GIVEN ENTRIES:
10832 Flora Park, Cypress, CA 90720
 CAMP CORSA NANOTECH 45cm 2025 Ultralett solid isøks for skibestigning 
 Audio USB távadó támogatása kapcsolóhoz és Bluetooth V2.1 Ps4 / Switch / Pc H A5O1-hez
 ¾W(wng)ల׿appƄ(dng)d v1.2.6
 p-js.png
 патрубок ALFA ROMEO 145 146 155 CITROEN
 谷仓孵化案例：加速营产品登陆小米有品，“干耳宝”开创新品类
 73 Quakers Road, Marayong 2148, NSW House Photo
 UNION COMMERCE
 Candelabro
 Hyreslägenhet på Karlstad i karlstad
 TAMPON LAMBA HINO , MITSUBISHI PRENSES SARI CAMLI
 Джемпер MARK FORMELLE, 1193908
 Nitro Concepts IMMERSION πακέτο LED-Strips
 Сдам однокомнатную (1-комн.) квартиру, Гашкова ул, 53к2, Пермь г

WORK INSTRUCTION: Would you transcribe exactly the lines from the one containing "73 Quakers Road, Marayong" to the end of the material, and leave out the rest?

ANSWER SECTION:
 73 Quakers Road, Marayong 2148, NSW House Photo
 UNION COMMERCE
 Candelabro
 Hyreslägenhet på Karlstad i karlstad
 TAMPON LAMBA HINO , MITSUBISHI PRENSES SARI CAMLI
 Джемпер MARK FORMELLE, 1193908
 Nitro Concepts IMMERSION πακέτο LED-Strips
 Сдам однокомнатную (1-комн.) квартиру, Гашкова ул, 53к2, Пермь г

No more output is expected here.